TASK ▸ Look below for the line with "사진=문가영 인스타그램" and the line with "Image 2 : Qty". Copy exactly those two lines and every line between, but not the pictures.

INFORMATION PROVIDED ▸

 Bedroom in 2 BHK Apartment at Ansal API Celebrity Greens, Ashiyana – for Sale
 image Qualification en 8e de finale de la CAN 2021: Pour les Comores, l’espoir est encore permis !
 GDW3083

* * *

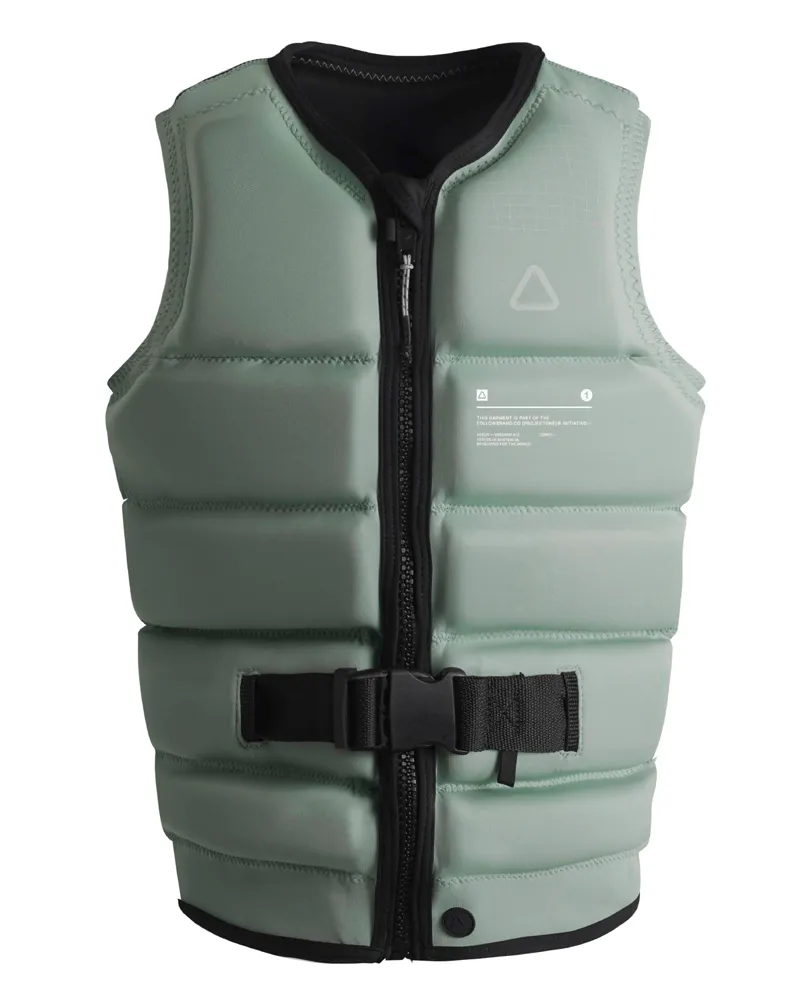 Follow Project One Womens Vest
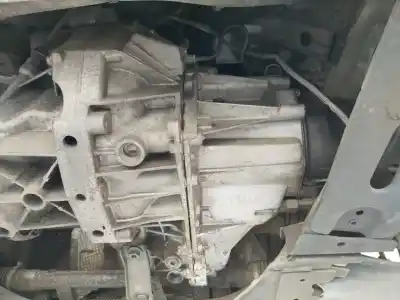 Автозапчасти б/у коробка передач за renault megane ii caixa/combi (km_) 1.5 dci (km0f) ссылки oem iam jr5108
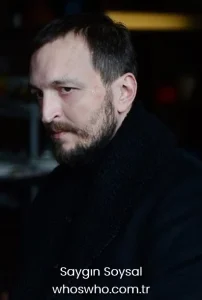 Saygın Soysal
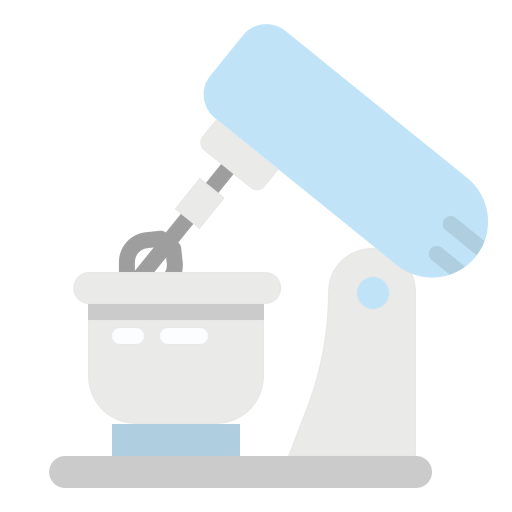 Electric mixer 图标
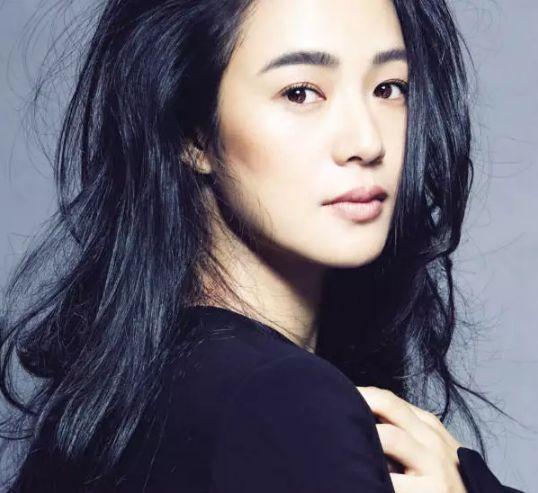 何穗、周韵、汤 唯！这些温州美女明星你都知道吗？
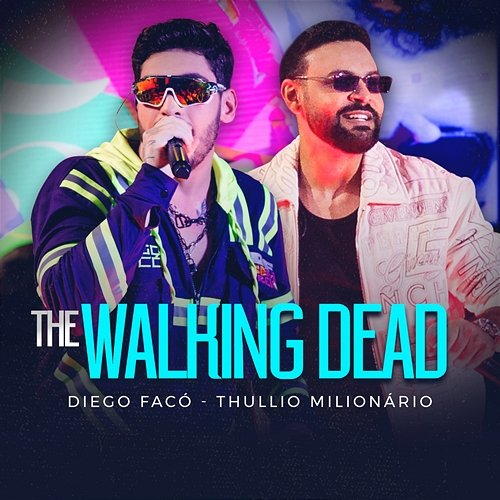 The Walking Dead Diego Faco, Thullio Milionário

...

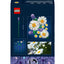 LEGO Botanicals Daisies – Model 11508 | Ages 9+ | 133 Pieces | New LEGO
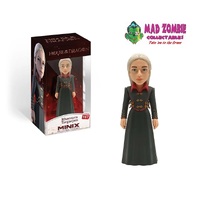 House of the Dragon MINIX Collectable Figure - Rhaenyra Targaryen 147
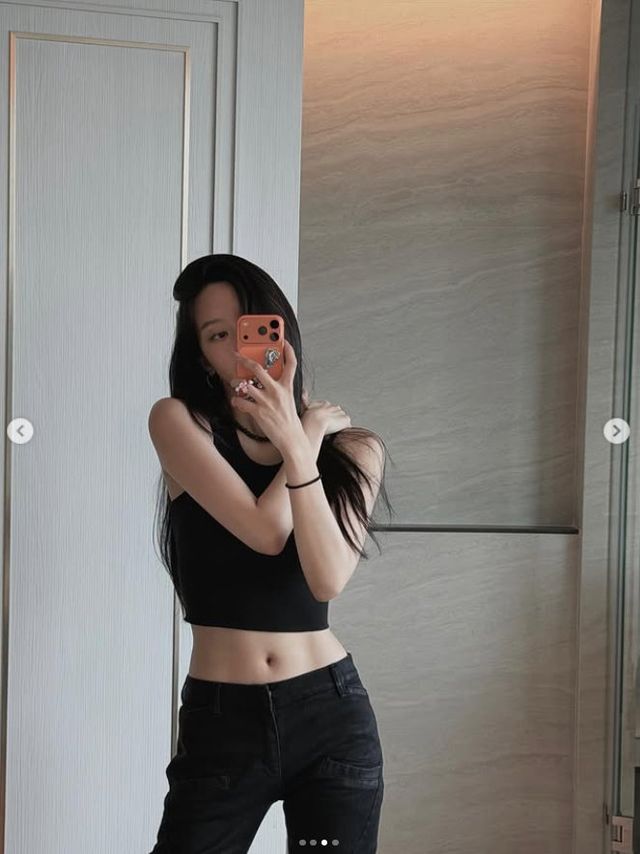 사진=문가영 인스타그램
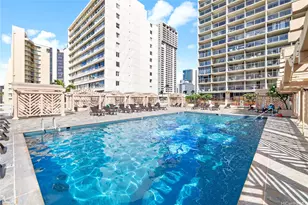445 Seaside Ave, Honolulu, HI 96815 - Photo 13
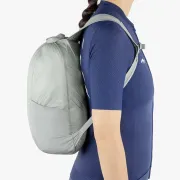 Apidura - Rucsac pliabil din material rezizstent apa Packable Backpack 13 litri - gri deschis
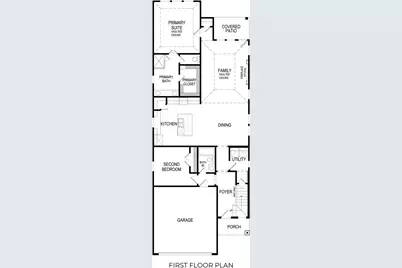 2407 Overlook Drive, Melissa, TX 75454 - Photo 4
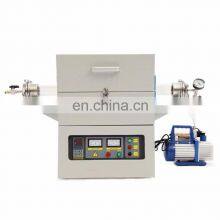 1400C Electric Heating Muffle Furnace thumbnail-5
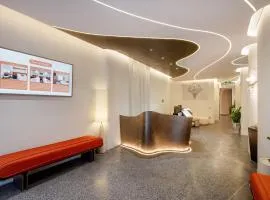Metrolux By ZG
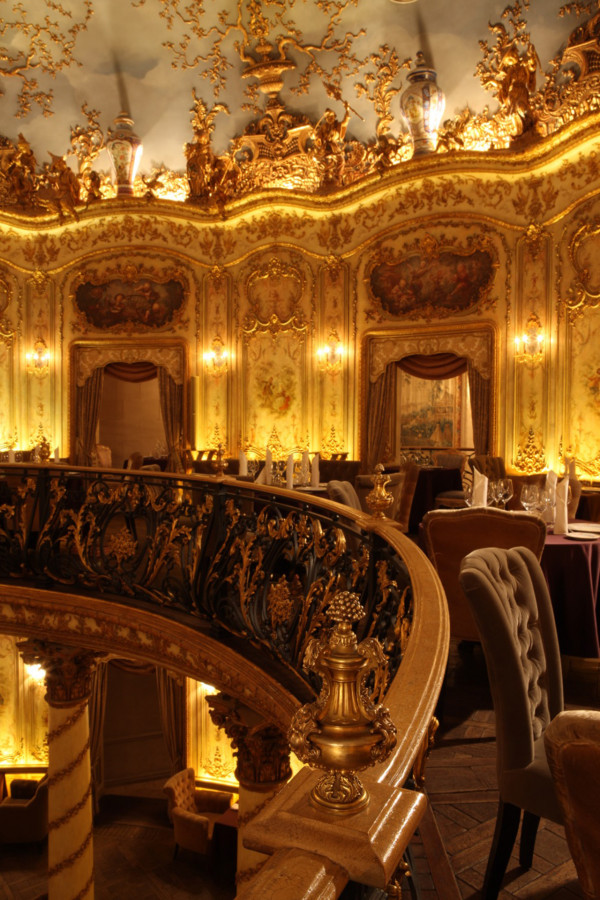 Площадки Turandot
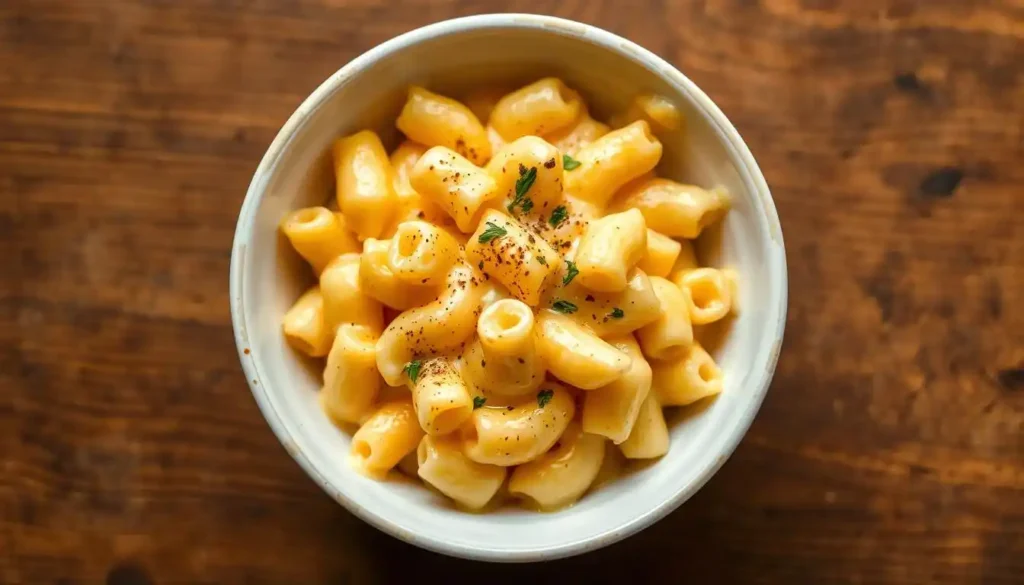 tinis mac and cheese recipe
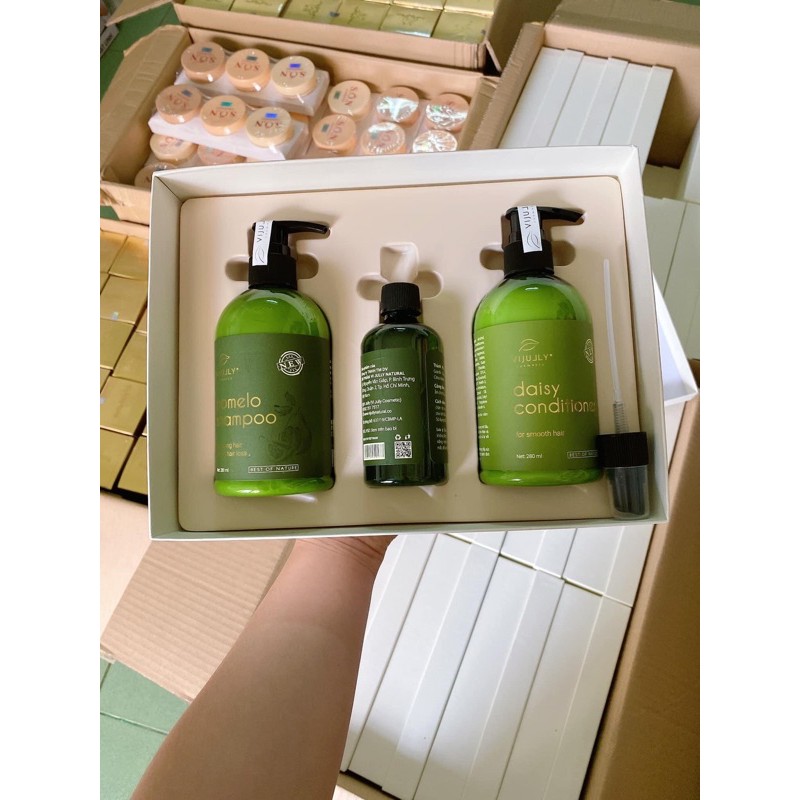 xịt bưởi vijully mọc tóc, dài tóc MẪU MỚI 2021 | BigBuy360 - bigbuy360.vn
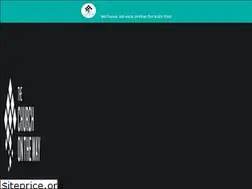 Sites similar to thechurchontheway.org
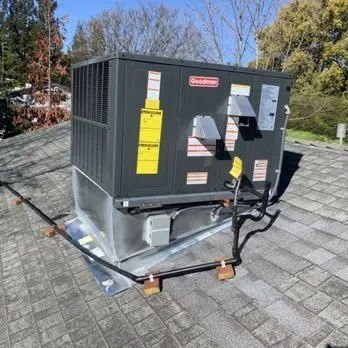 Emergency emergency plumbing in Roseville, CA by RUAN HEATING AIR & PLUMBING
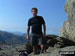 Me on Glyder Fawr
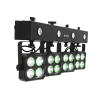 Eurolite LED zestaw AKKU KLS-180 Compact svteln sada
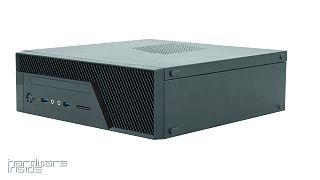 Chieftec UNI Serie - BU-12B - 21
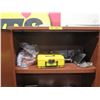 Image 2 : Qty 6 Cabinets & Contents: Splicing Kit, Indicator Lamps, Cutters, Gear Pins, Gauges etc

OUTPUT OF THE EXERCISE ▸
 사진=문가영 인스타그램
445 Seaside Ave, Honolulu, HI 96815 - Photo 13
 Apidura - Rucsac pliabil din material rezizstent apa Packable Backpack 13 litri - gri deschis
 2407 Overlook Drive, Melissa, TX 75454 - Photo 4
 1400C Electric Heating Muffle Furnace thumbnail-5
Metrolux By ZG
 Площадки Turandot
 tinis mac and cheese recipe
 xịt bưởi vijully mọc tóc, dài tóc MẪU MỚI 2021 | BigBuy360 - bigbuy360.vn
 Sites similar to thechurchontheway.org
 Emergency emergency plumbing in Roseville, CA by RUAN HEATING AIR & PLUMBING
 Me on Glyder Fawr
 Eurolite LED zestaw AKKU KLS-180 Compact svteln sada
 Chieftec UNI Serie - BU-12B - 21
 Image 2 : Qty 6 Cabinets & Contents: Splicing Kit, Indicator Lamps, Cutters, Gear Pins, Gauges etc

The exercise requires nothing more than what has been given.